„Wir waren so nahe dran“
Am Ende reichte es nicht ganz: Die TBB Trier musste sich am späten Samstagabend denkbar knapp bei Phönix Hagen mit 78:83 (46:44) geschlagen geben. Zwischenzeitlich hatte die Mannschaft von Henrik Rödl vor 2758 Zuschauern in der Enervie Arena sogar einen Zwölf-Punkte-Rückstand gedreht. Aber auch das genügte nicht gegen aufopferungsvoll kämpfende Westfalen. Rödl wirkte zerknirscht, als er nach den Gründen für die knappe Niederlage suchte. „Ich möchte einfach so sagen: Wir haben das Spiel nicht verloren, Hagen hat es gewonnen.“ Im Satz des Trierer Trainers lag zugleich Anerkennung für die Leistung des Gegners wie auch für die eigenen Spieler. Dem konnte sich Ingo Freyer anschließen. „Natürlich waren wir nach dem Verlust der Führung in der Pause mental schlecht drauf, aber dann haben wir uns ins Spiel zurückgekämpft und es auch über den Kampf entschieden“, analysierte Hagens Trainer.

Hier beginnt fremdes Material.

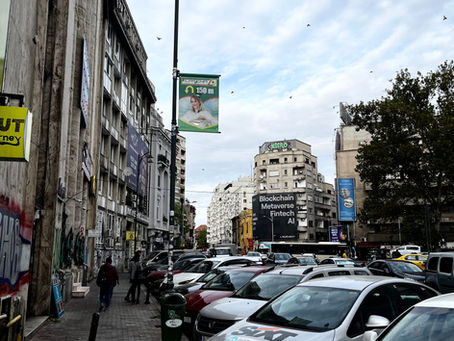 Impressions of Bucharest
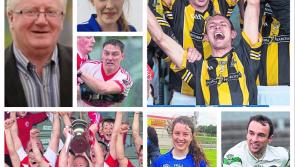 Laois GAA Award winners for 2017 announced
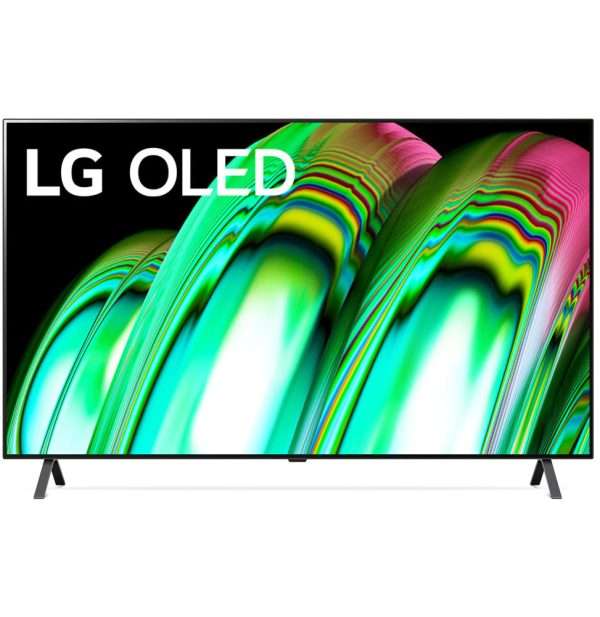 Téléviseur LG 65" OLED A2 Smart TV 4K UHD (OLED65A26LA)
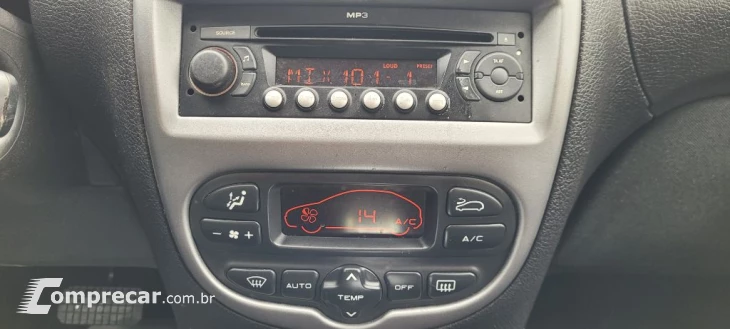 206 Automatic (feline)1.6 Flex 16V 5p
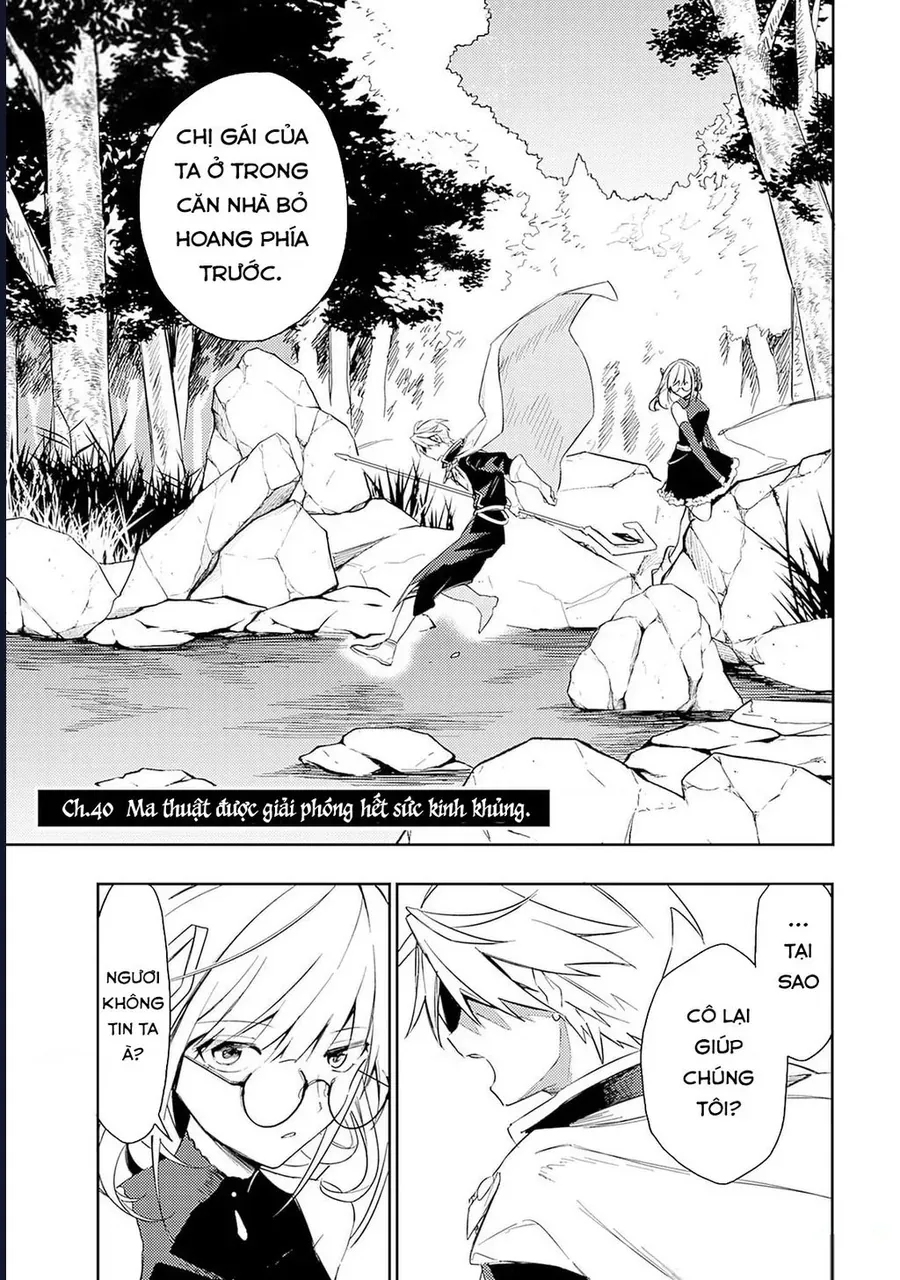 Vì Bị Coi Là Kẻ Ăn Bám Tôi Quyết Định Chuyển Đến Đế Quốc Để Thăng Tiến Sự Nghiệp. [Chap 39-46]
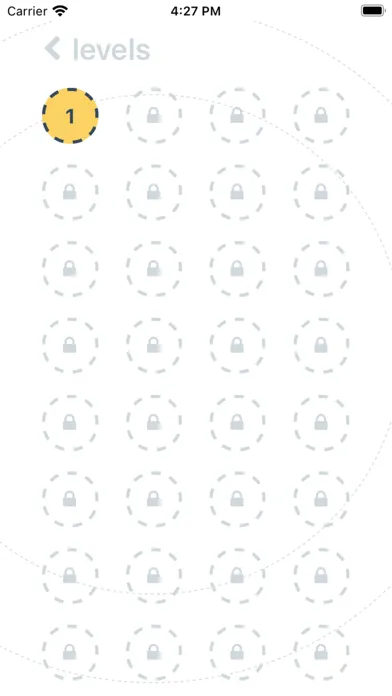 Capturas de tela do Digit Puzzle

HAGEN. Nein, er wollte erst einmal nichts sagen. Zu tief saß die Enttäuschung bei Philip Zwiener. Wortlos schritt er nach nervenaufreibenden zwei Stunden durch den dunklen Gang zur Kabine. Draußen feierten die Kollegen aus Hagen. So gerne wäre er an deren Stelle gewesen. Sein Trainer lehnte an der Wand, vertieft im Studium der Statistik. Rödls Art, seine Enttäuschung zu überwinden. Schließlich sind sie alle Profis. Das ist ihr Geschäft. Und zum Sport gehören auch Niederlagen – bittere zudem. Nach zwei Minuten war er wieder da. Kurz hatte er Dampf abgelassen, den Blutdruck gesenkt. „Wir hatten einfach zu viele leichte Ballverluste“, sagte Zwiener. Dann nahm er den Kopf hoch: „Aber wir haben kein schlechtes Spiel gemacht.“ Ein Beinbruch sei die Niederlage daher nicht. „Wir bauen darauf auf, dass wir ganz nahe dran waren.“
Auch Zwiener war von der Atmosphäre in der Hagener Halle begeistert. Von jener besonderen Stimmung, die auch im Film eines Mannes namens Pfeifer vorkommt. „Phönix in der Asche“ nennt der Regisseur seinen Streifen und karikiert damit geradezu den allseits bekannten Satz vom auferstandenen Riesenvogel. Untertitel: „Ein Jahr im Abstiegskampf.“ Es scheint eine unendliche Geschichte für die Westfalen zu sein. Wieder sind sie am Schwanz der Tabelle anzutreffen, allerdings nur zwei Punkte von Trier entfernt. Nicht umsonst erklangen in der satt gefüllten Hagener Halle die martialischen „Höllenglocken“ von AC/DC – visuell begleitet von dicken Nebelschwaden aus der Trockeneismaschine. Schließlich sollte das Aufeinandertreffen zum richtungweisenden Duell werden. Ein Sieg, und Hagen würde den Anschluss schaffen. Eine Niederlage, und die Geschichte vom Phönix in der Asche würde ihre Fortsetzung erleben.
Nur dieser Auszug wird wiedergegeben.